What is expected: When you copy the entries, match them exactly and omit the pictures.

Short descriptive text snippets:
========================================

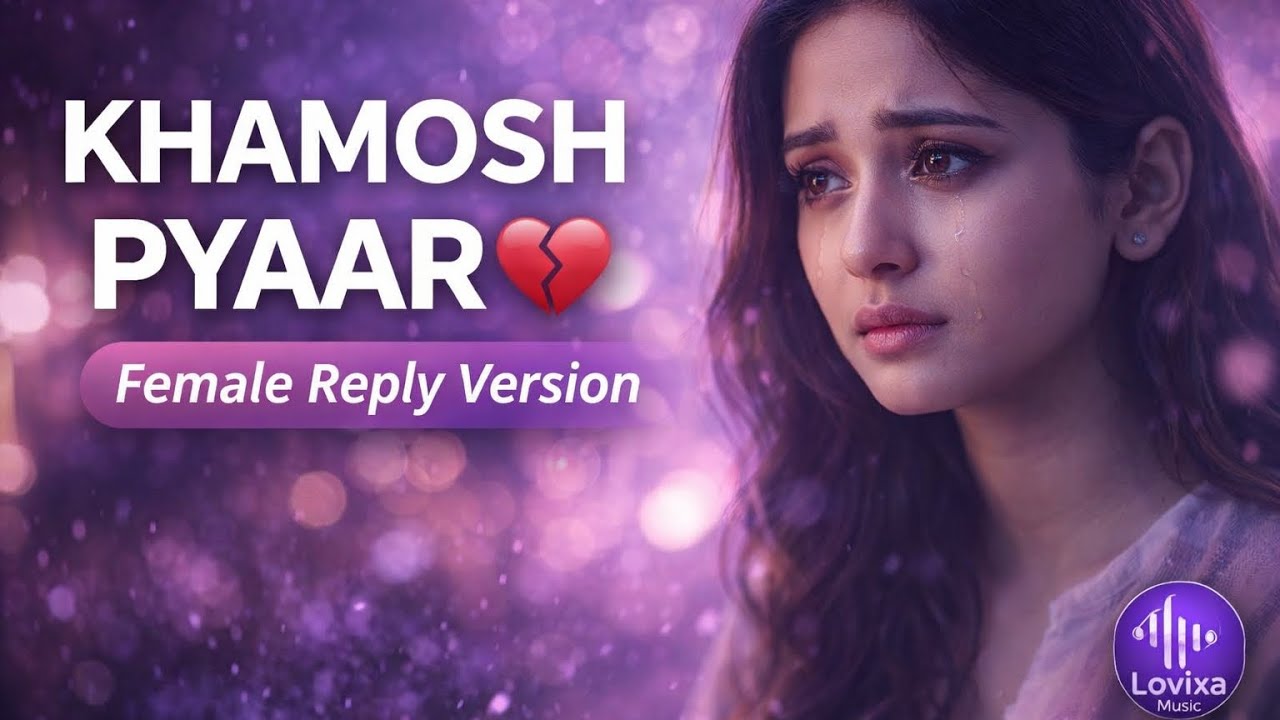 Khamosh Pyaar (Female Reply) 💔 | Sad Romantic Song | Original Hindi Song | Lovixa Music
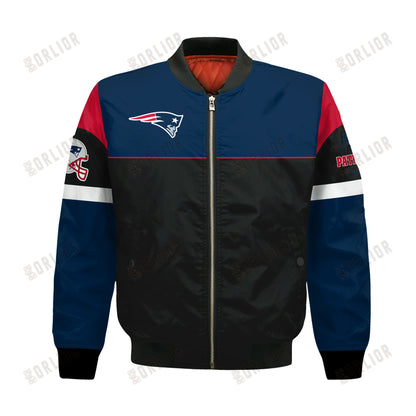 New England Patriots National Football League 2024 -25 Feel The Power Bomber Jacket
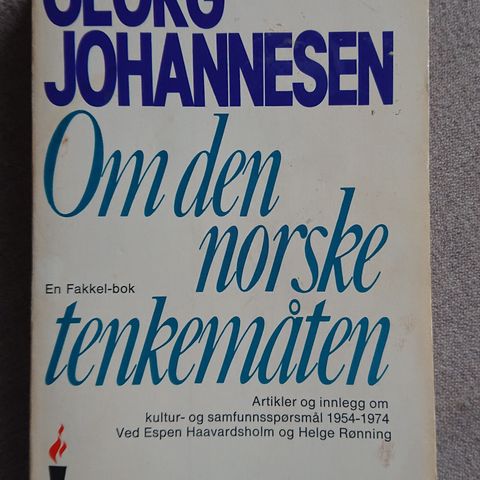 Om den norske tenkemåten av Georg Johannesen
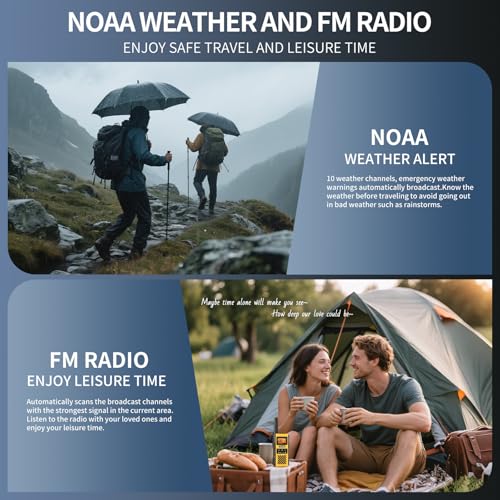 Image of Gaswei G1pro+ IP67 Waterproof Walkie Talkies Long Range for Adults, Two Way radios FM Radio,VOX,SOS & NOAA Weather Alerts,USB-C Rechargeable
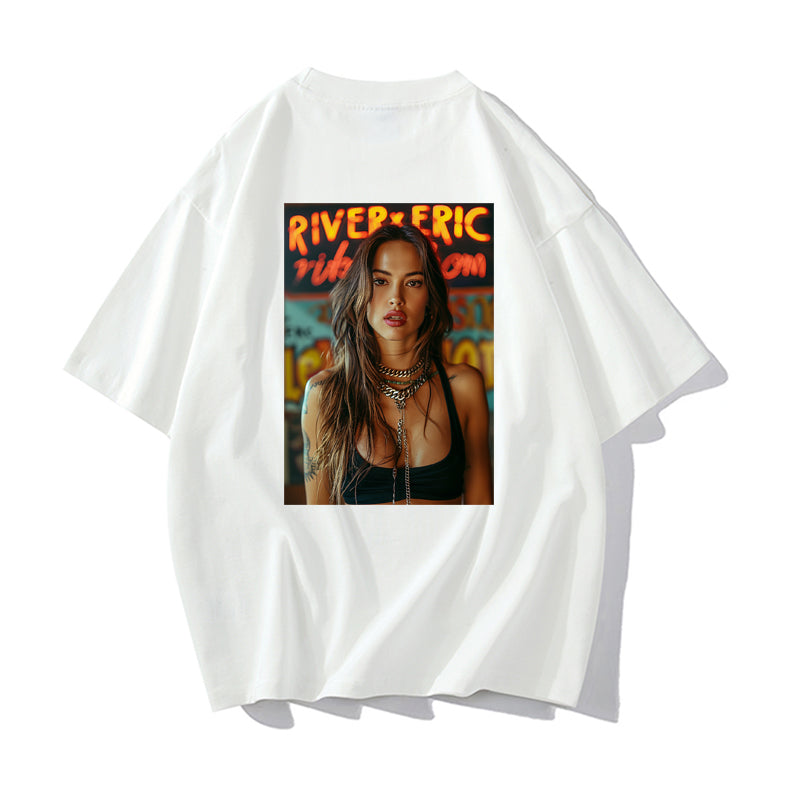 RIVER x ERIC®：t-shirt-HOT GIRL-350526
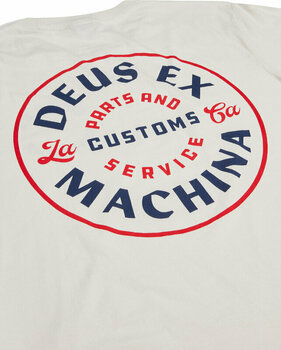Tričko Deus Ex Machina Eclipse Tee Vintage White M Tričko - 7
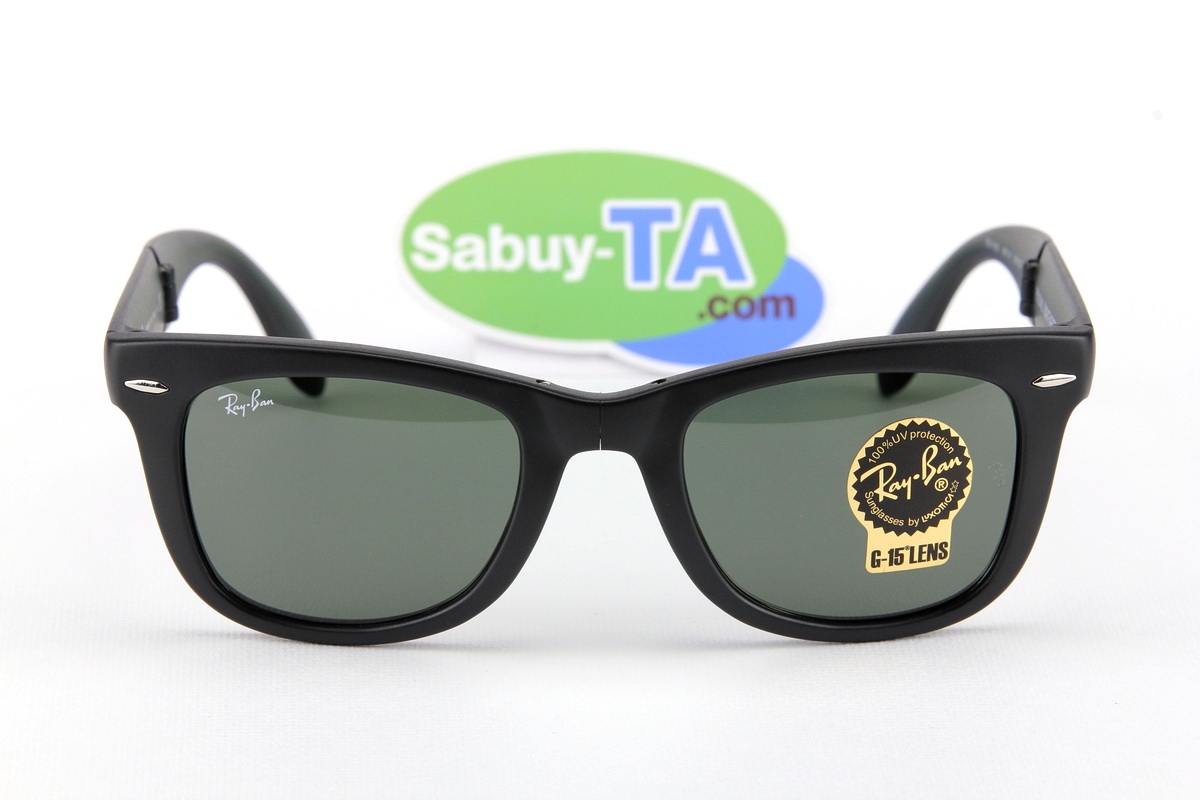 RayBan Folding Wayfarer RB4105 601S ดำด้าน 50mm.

========================================

Output of the task:
 Khamosh Pyaar (Female Reply) 💔 | Sad Romantic Song | Original Hindi Song | Lovixa Music
 New England Patriots National Football League 2024 -25 Feel The Power Bomber Jacket
 Om den norske tenkemåten av Georg Johannesen
 Image of Gaswei G1pro+ IP67 Waterproof Walkie Talkies Long Range for Adults, Two Way radios FM Radio,VOX,SOS & NOAA Weather Alerts,USB-C Rechargeable
 RIVER x ERIC®：t-shirt-HOT GIRL-350526
Tričko Deus Ex Machina Eclipse Tee Vintage White M Tričko - 7
 RayBan Folding Wayfarer RB4105 601S ดำด้าน 50mm.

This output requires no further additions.